There is no ambiguity that the unit of comparison is the nucleotide and that adenine thymine guanine and cytosine represent different versions of the same entity. Subjectiveness concerning the data is minimal as the nucleotides are of a set length with a specific sequence to base comparisons on. Originally 5S rRNA was used to create phylogenetic trees but the data proved to be inconclusive, the character was only 120 bases long and most of them were uninformative. This lead scientists to look at larger subnits, which provided the higher resolution needed, but as seen with morphology the best results were to be obtained from multiple character analysis. The introduction of multigene analysis has greatly increased the detail of the trees produced.
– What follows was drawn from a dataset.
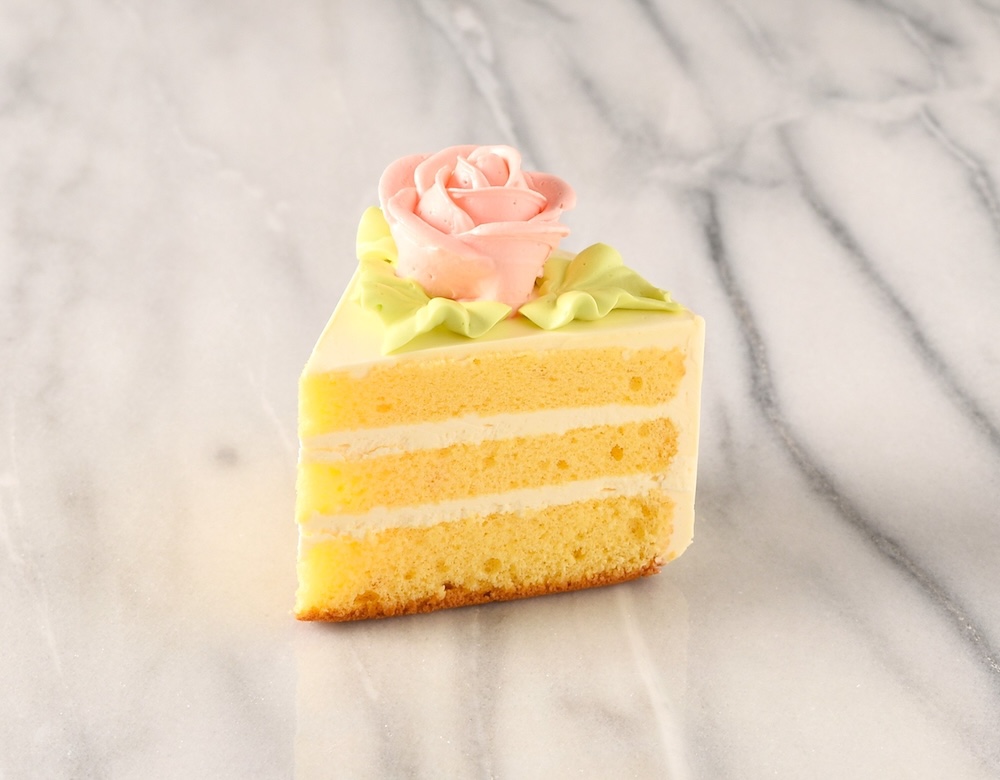 1924年から販売するバタークリームケーキ「ガトー・オ・ブール」イメージ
Most DNA sequence analysis now includes upwards of 4 genes and takes them from different plant genomes (e.g. plastid and nuclear). An example would be the use of plastid genes rbcL, atpB, rps4 and nuclear small subnit ribosomal DNA to elucidate the basal elements of plant phylogeny [3].
Homoplasy s avoided in sequence analysis because in the majority of cases in eukaryotes there is a linear inheritance of DNA from parent to offspring, meaning that characters must be related to that lineage of plants and there is very little statistical probability that an exactly comparable character could of arose independently in another lineage, even in 5S rRNA the chances of an exact match are 4120 and even if an exact match is not required the numbers are still astronomical. Another advantage of the heritable traits of DNA is that specific markers exist which are common to all plants, the characters are not reliant on being expressed in the phenotype, which allows for analysis across families and of loss of function (the gene will still be present but inactivated).
There are however problems regarding the collection of DNA sequence data. The main problem is that DNA at the moment can only be obtained from extant species; the implications of this will be discussed later. Obtaining ancient DNA from fossilised tissue is very difficult and prone to experimental contamination. 1990 was the first occurrence of ancient DNA sequence data (Goldberg et al) obtained from plant fossils 15-20 MYA.
Although sequences had been identified the microscopic amounts of DNA were subject to PCR product contamination and the results were disputed. Smith [4] created these guidelines for the acceptance of ancient DNA data; 1. Amplification products should make sense. 2. Other associated biomolecules should be well preserved. 3. Results should be replicated by another independent lab.